Kristen Faulkner is having a moment
On the bike her tenacity and determination saw her ride to seventh place at Gent-Wevelgem, 10th at Flanders and — after getting dropped and riding back up to the bunch multiple times — 15th at Amstel Gold Race. Off the bike, the same characteristics are what earned Faulkner a place at Harvard to study computer science and a job as a venture capitalist in Silicon Valley before pivoting to a cycling career in 2020.
At 28-years-old and on her second season as a pro with Team Tibco-Silicon Valley Bank, Faulkner is the latest in a succession of North American women who have entered the sport after studying and/or working and gone on to achieve great things. Evelyn Stevens, Katie Hall, and Megan Guarnier are the most prominent recent examples of a similar journey. However, what might truly set Faulkner apart — aside from her natural physiological prowess — are her ideas for improving the sport, particularly for women.

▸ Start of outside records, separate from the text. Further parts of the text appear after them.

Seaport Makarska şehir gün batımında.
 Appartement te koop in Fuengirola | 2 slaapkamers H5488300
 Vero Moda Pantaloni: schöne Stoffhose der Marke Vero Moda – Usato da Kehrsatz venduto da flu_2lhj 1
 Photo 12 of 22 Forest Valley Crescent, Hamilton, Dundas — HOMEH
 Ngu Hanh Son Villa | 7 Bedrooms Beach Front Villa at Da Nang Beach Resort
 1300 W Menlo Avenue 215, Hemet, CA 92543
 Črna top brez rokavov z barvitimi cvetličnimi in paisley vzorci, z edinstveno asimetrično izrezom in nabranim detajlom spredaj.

Photo credit Brian Bailey @bbaiiey
Faulkner’s newcomer status combined with her business background gives her a distinct approach to solving the inequalities between the men’s and women’s side of the sport, inequalities that shocked her when she first encountered them.
“The biggest things were salaries and TV coverage,” she says over Zoom from the temporary team house in Belgium. “Those were just, to me, a complete shock to my system. I didn't believe it, actually. I would hear numbers and for weeks I was like, ‘There's no way that can be true’, because it's so absurd.”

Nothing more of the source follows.